**Provided records:**
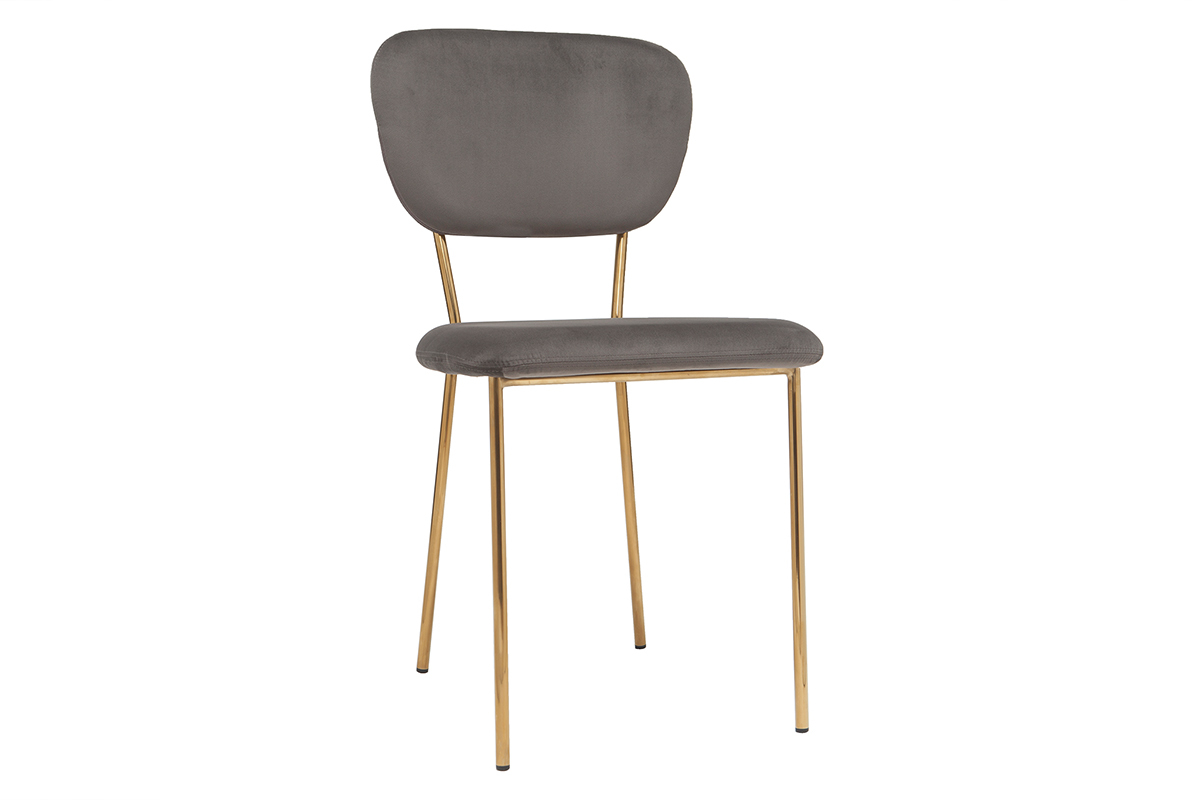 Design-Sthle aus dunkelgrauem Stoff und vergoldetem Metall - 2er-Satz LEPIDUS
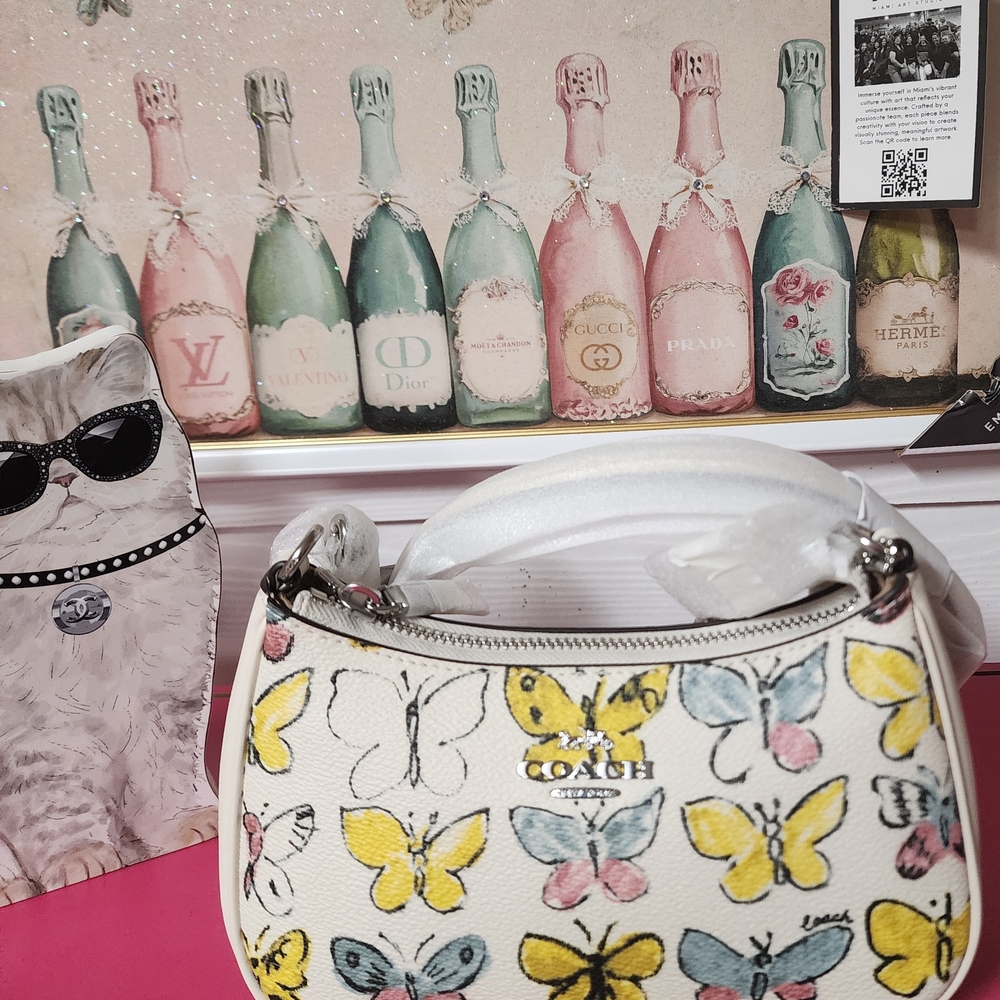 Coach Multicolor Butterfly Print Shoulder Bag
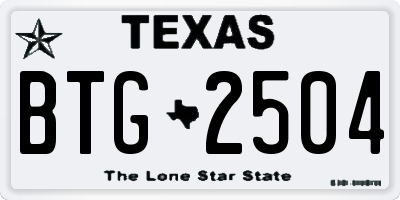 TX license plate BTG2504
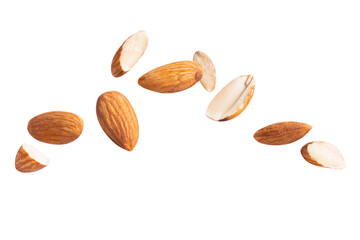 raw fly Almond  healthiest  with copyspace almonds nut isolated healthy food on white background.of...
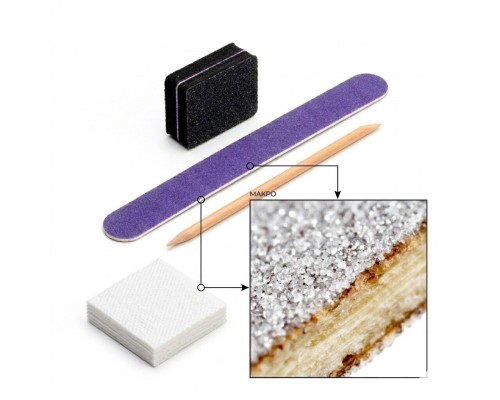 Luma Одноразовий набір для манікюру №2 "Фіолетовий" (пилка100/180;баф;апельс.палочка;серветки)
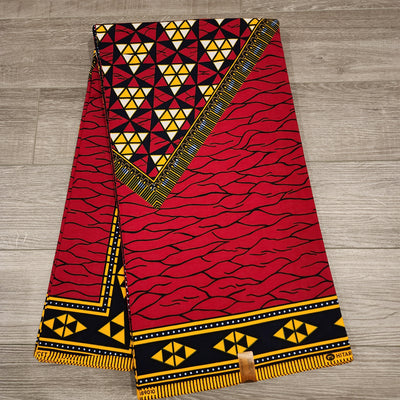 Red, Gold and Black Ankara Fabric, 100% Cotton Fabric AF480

**Exercise prompt:** Apart from the pictures, return the records exactly.

**Solution to the exercise:**
 Design-Sthle aus dunkelgrauem Stoff und vergoldetem Metall - 2er-Satz LEPIDUS
 Coach Multicolor Butterfly Print Shoulder Bag
 TX license plate BTG2504
 raw fly Almond  healthiest  with copyspace almonds nut isolated healthy food on white background.of...
 Luma Одноразовий набір для манікюру №2 "Фіолетовий" (пилка100/180;баф;апельс.палочка;серветки)
 Red, Gold and Black Ankara Fabric, 100% Cotton Fabric AF480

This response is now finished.